(EXERCISE) Restate the following records word for word without images.

(SOURCE INFORMATION)
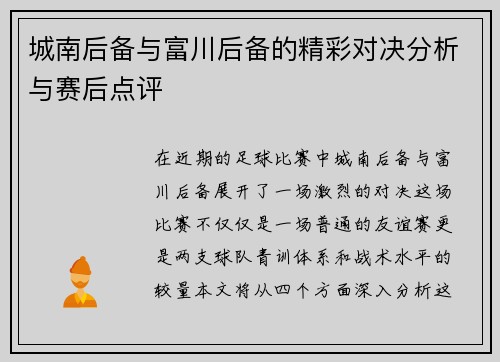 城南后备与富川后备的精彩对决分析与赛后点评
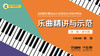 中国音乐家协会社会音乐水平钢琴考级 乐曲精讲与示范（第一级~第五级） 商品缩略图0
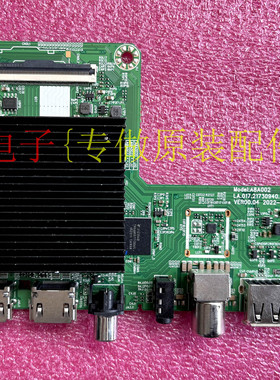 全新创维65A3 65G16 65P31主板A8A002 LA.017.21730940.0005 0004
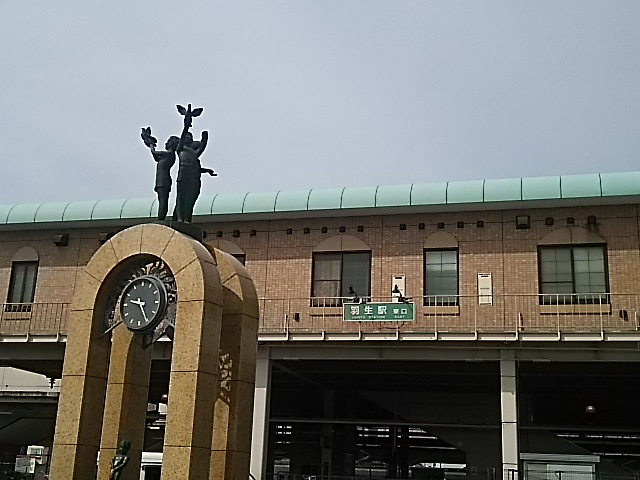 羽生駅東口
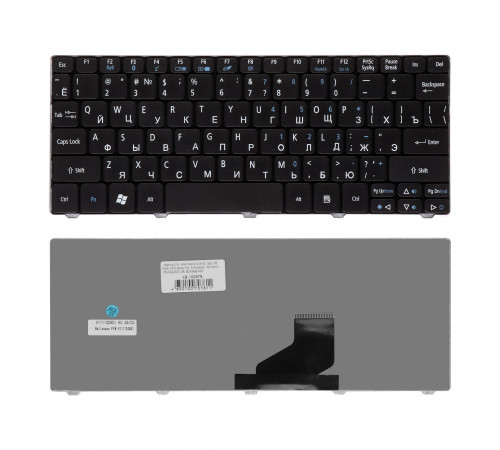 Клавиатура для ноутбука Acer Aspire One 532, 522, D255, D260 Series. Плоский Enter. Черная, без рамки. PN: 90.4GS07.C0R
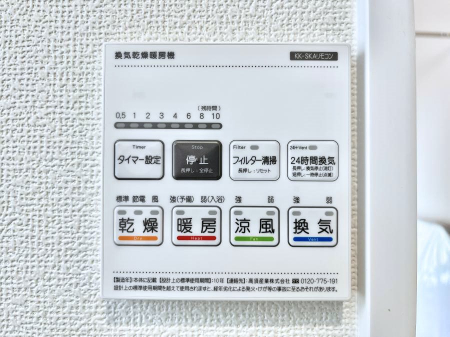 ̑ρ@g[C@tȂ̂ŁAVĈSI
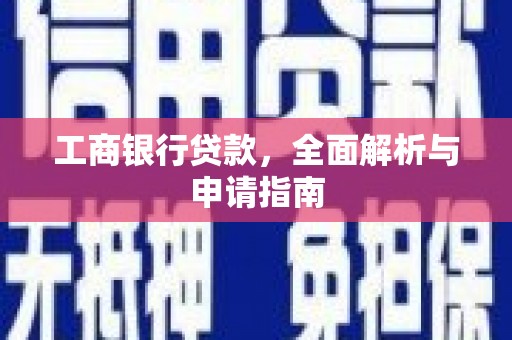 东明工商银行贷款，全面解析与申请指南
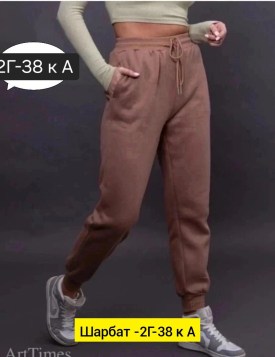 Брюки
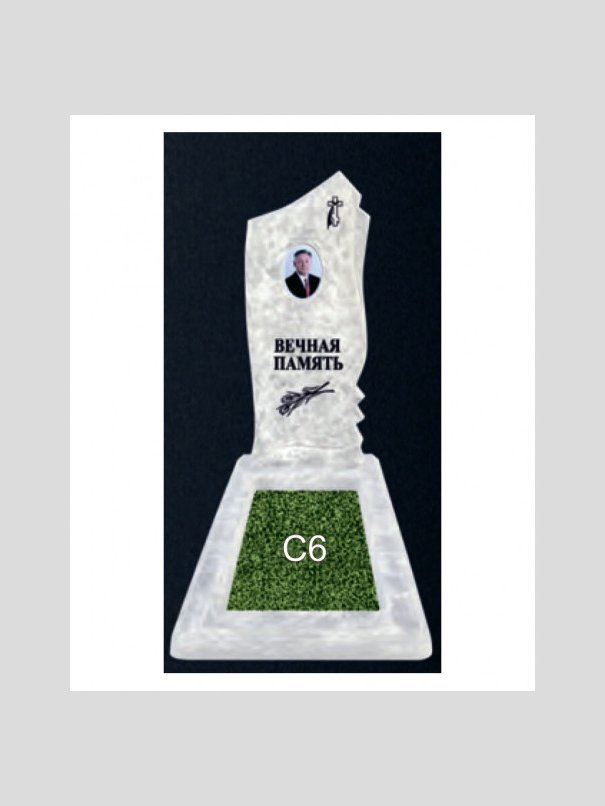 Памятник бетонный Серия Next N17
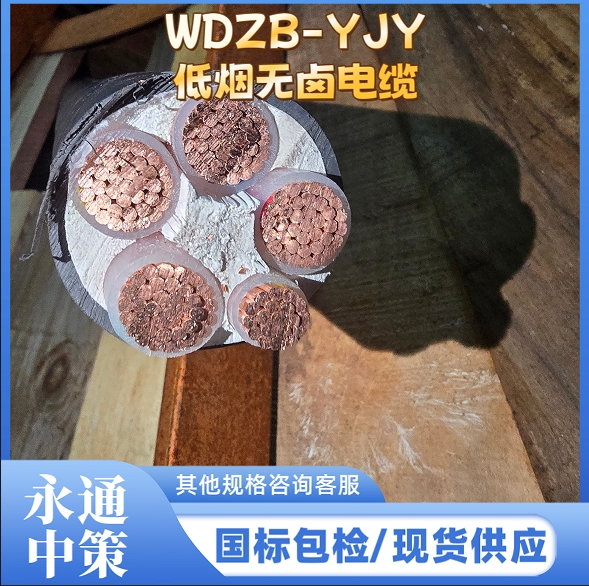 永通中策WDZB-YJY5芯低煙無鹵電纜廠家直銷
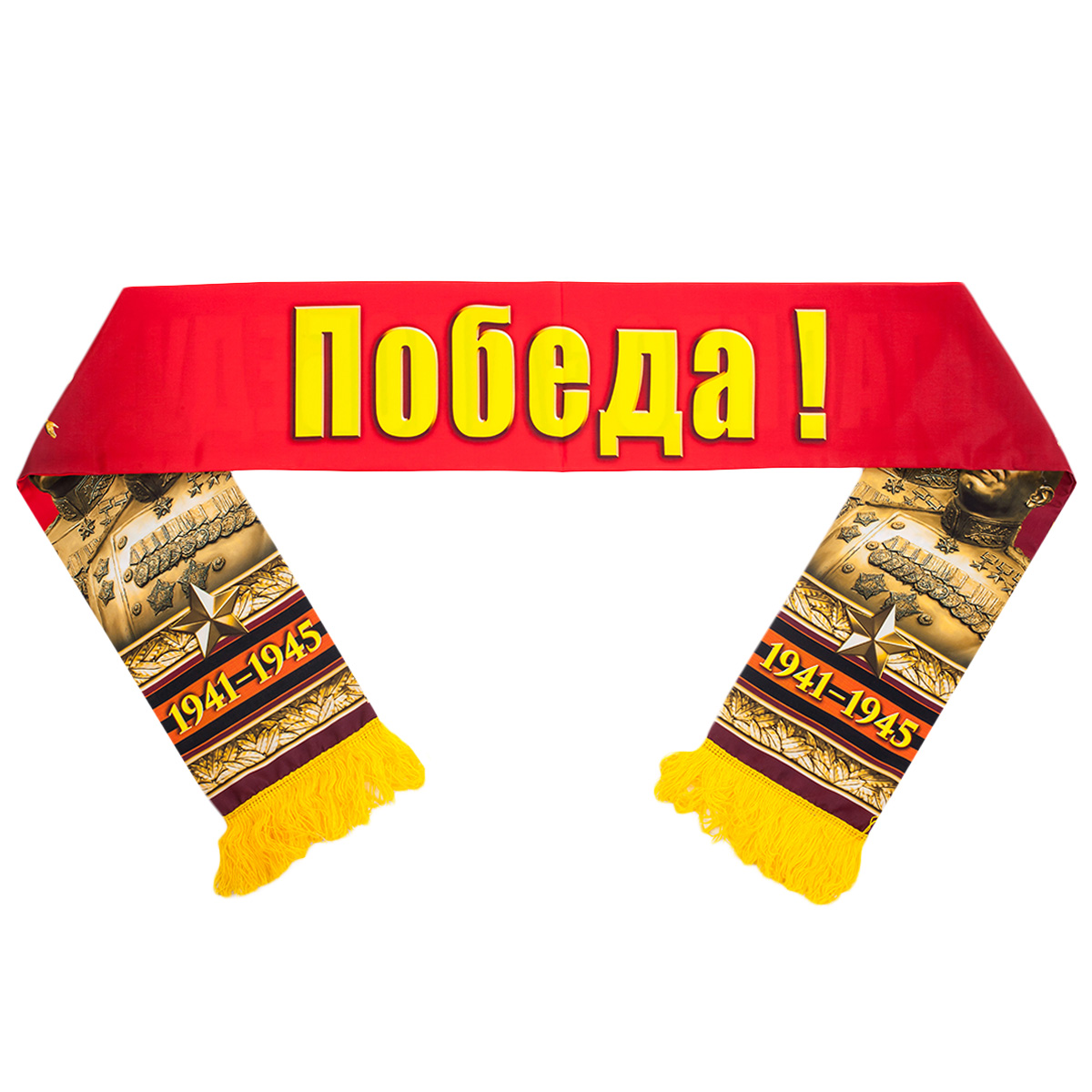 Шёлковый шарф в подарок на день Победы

(FINAL ANSWER)
 城南后备与富川后备的精彩对决分析与赛后点评
 中国音乐家协会社会音乐水平钢琴考级 乐曲精讲与示范（第一级~第五级） 商品缩略图0
 全新创维65A3 65G16 65P31主板A8A002 LA.017.21730940.0005 0004
 羽生駅東口
 Клавиатура для ноутбука Acer Aspire One 532, 522, D255, D260 Series. Плоский Enter. Черная, без рамки. PN: 90.4GS07.C0R
 ̑ρ@g[C@tȂ̂ŁAVĈSI
 东明工商银行贷款，全面解析与申请指南
 Брюки
 Памятник бетонный Серия Next N17
 永通中策WDZB-YJY5芯低煙無鹵電纜廠家直銷
 Шёлковый шарф в подарок на день Победы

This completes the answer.